The Red Sox before Farrell joined, had a pretty impressive pitching staff. They had won the World Series in 2004, with the famous Curt Schilling bloody-sock mess. The pitching staff that year had a team ERA of 4.18, and was second in the AL in wins. The pitchers accounted for 19.3 Wins Above Replacement (WAR) and would likely still be an impressive group of starters: Schilling, Martinez, Wakefield, Derick Lowe and Bronson Arroyo.
The next year was a down year for both the team, and its pitching staff. The team ERA balooned to 4.74, and the WAR dropped to 17.4. The caliber of pitchers dropped as well, (Matt Clement replaced Pedro Martinez, an aging David Wells replaced Lowe. Schilling missed most of the year with ankle problems)

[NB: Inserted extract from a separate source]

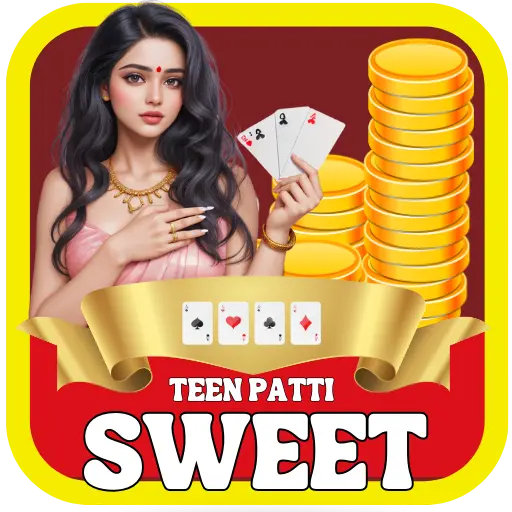 teen patti game online game download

Those 2 seasons make up the baseline for what John Farrell was starting with. He came on board in 2006, and immediately inherited Josh Beckett. He also got to work with John Lester in his first full season. To a lesser extent, he oversaw the emergence of Jonathan Papelbon in the Bullpen (I know there is a separate coach for that, but the pitching coach is still the primary guy)
The 06 team was a team in transition. Their ERA ballooned to 4.83, which was 11th in the AL. Amazingly, the pitchers were 8th in wins. The Pitching WAR was down to 13.3, despite the obvious influx of talent.
The next season, the Red Sox brought in Japanese Phenom Daisuke Matsuzaka. They also lost Lester for most of the season as he battled 'the big C'. In the second year of Farrell's tenure, this pitching staff put up some stats that can only be labeled as gaudy: 3.87 team ERA (best in MLB), #1 in wins, A 22.6 WAR!!!! This was a season that also included Clay Bucholz's no-hitter. Overall, this was an incredible turnaround, with mostly the same cast as the previous season.
In '08, the team managed to maintain their pitching success, posting another HUGE WAR #: 22.5, but seeing their team ERA rise to 4.01. The 2009 team was still over 20 WAR, coming in at 21.2, although team ERA was still up again at 4.35. Last season, the Red Sox clung to their injuries on ofense, but the entire pitching staff took a collective step backwards. They lowered their ERA to 4.2, but only contributed 15.1 WAR.
When you look at the improvements that Farrell was able to make, especially during the 2007-2009 teams, and carrying those impressive WAR totals, it is easy to see why he was so highly regarded as a coach. 20 wins from a pitching staff is incredible by any standard. For comparison, this season's Blue Jays only managed a 14.9 WAR, though the Bullpen was a net-negative in contributing to this (see my post on next year's rotation)
Whatever Farrell's involvement with next year's Pitchers, it can only bring good things. For his time as a pitching coach, I'm giving him an A. The 2006 and 2010 teams bring down his overall mark enough that he couldn't ace this test, although it's still very impressive.
I'm really looking forward to seeing if he can mange the bullpen well enough to add another 4-5 WAR, and this team could become a juggernaut in the near future.